====== RECORDS FOR THE EXERCISE
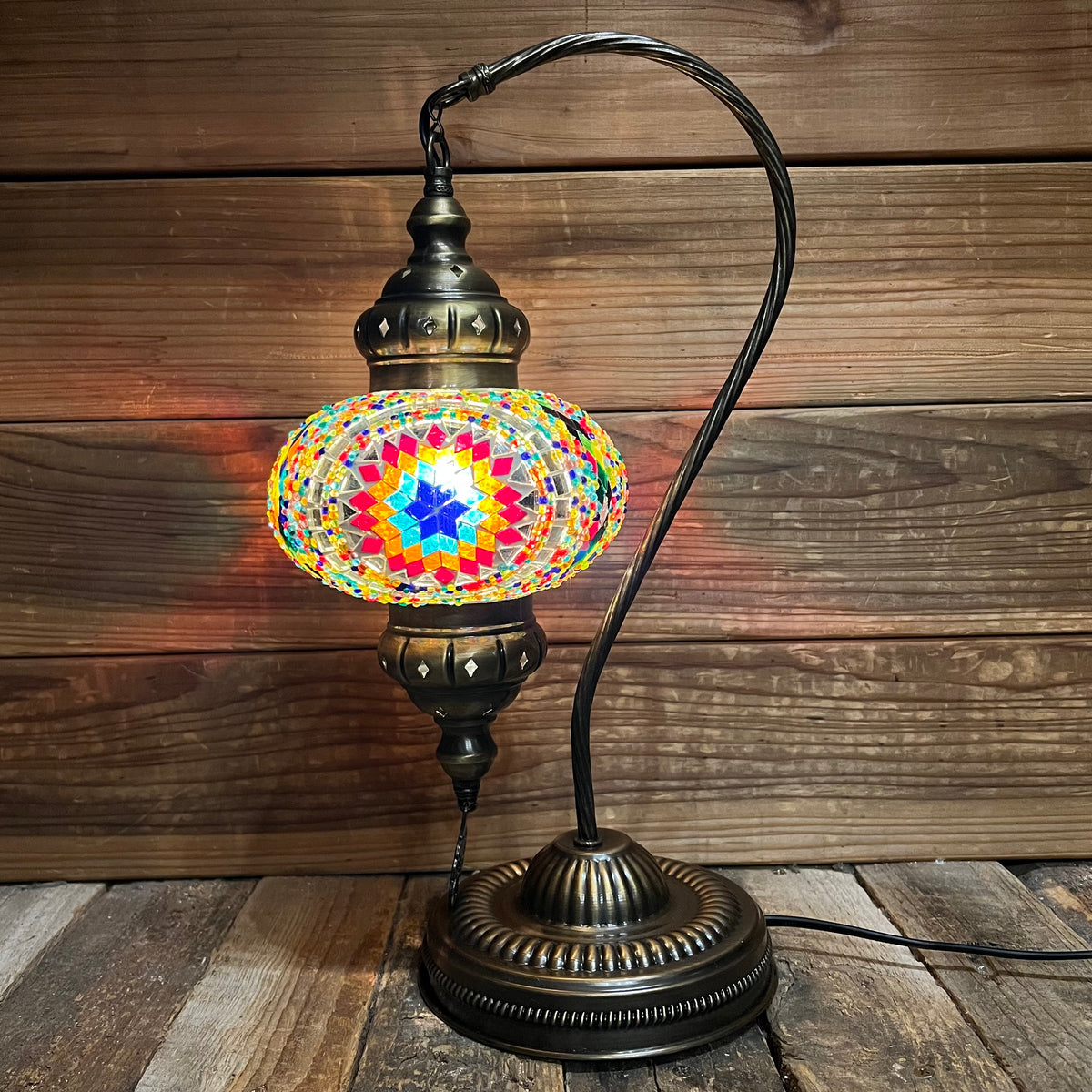 Handmade Half a Heart Turkish Lamps - Multicolored
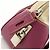 Borsa Bowling PRADA in tela e pelle con logo triangolare Natural Purple - vista 18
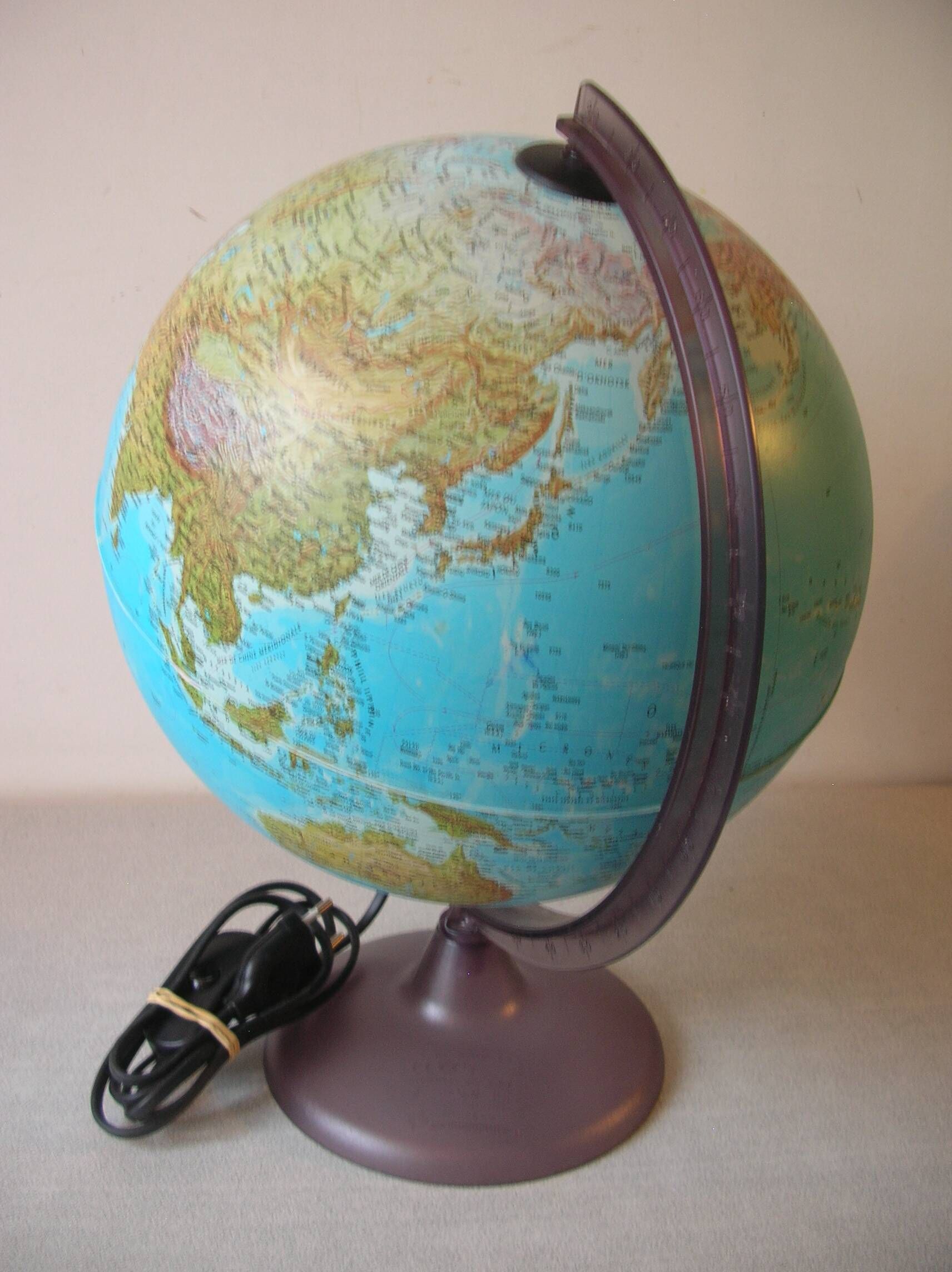 Luminous terrestrial globe world map lamp Tecnodidattica teenage bedroom decoration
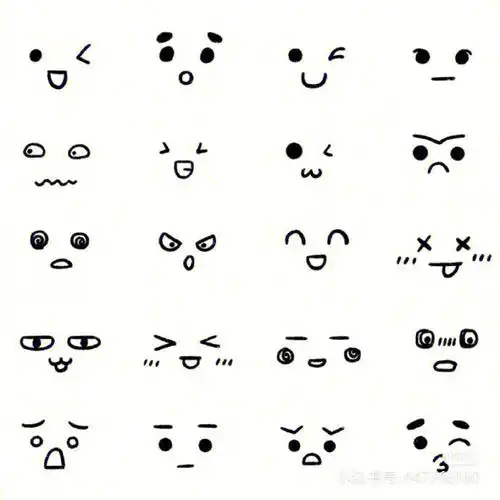 一波超超超可爱的小表情系列简笔画快来学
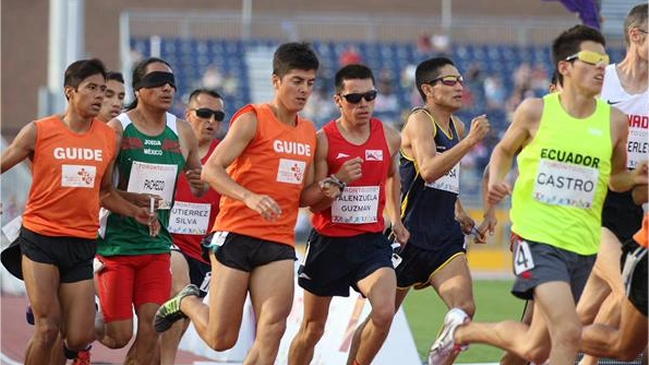 Cristián Valenzuela logró medalla de bronce en los 1.500 metros de los Parapanamericanos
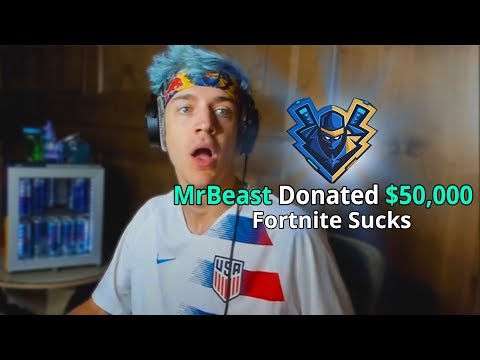 I Donated $50,000 To Ninja - Fortnite
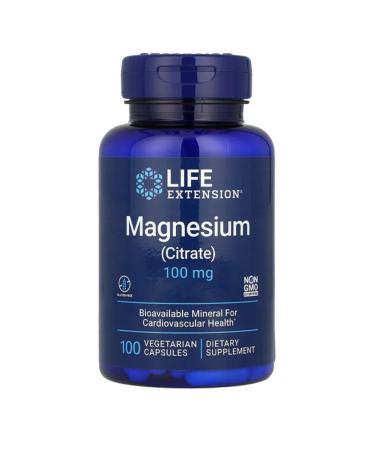Life Extension Magnesium (Citrate) 100 mg 100 Veg. Caps
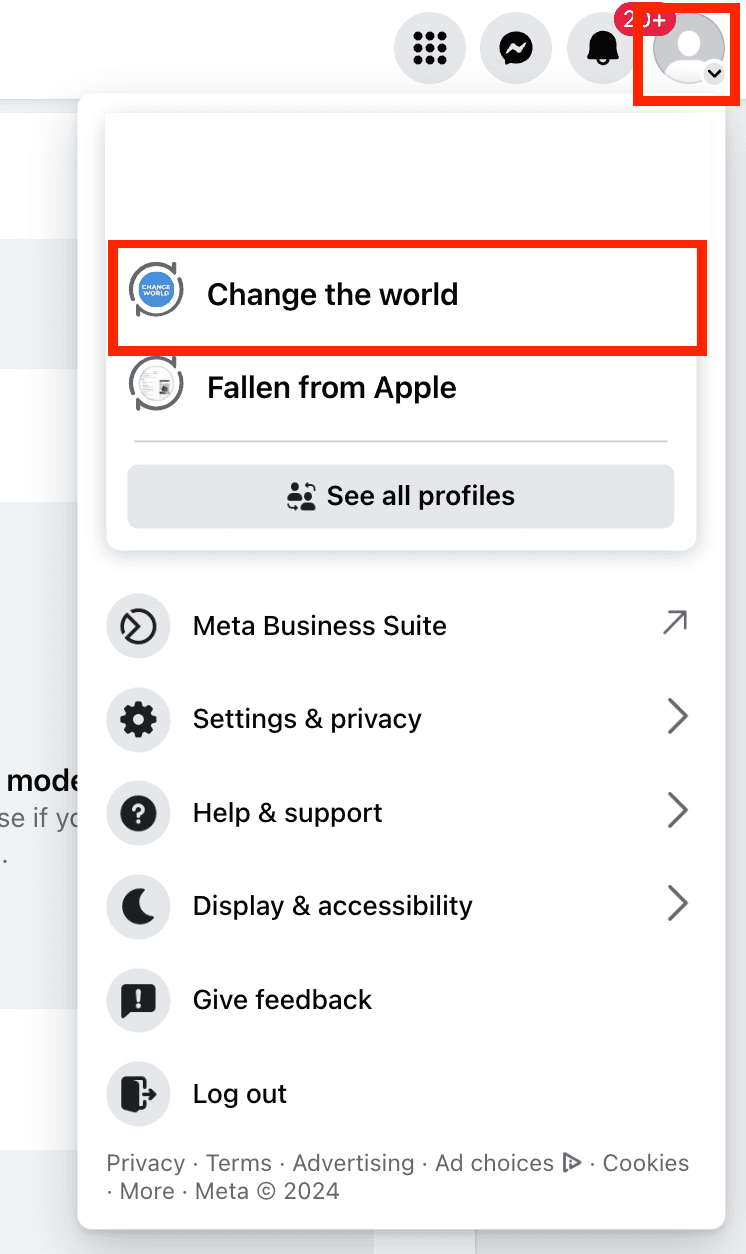 Schermata 1 — Guida alla risoluzione dei problemi di pubblicazione su Facebook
============
WHAT TO PRODUCE: Only the lines from the one containing "I Donated $50,000 To Ninja - Fortnite" through the final line of the data should be given again, exactly and without pictures.

PROBLEM SOLUTION:
 I Donated $50,000 To Ninja - Fortnite
Life Extension Magnesium (Citrate) 100 mg 100 Veg. Caps
 Schermata 1 — Guida alla risoluzione dei problemi di pubblicazione su Facebook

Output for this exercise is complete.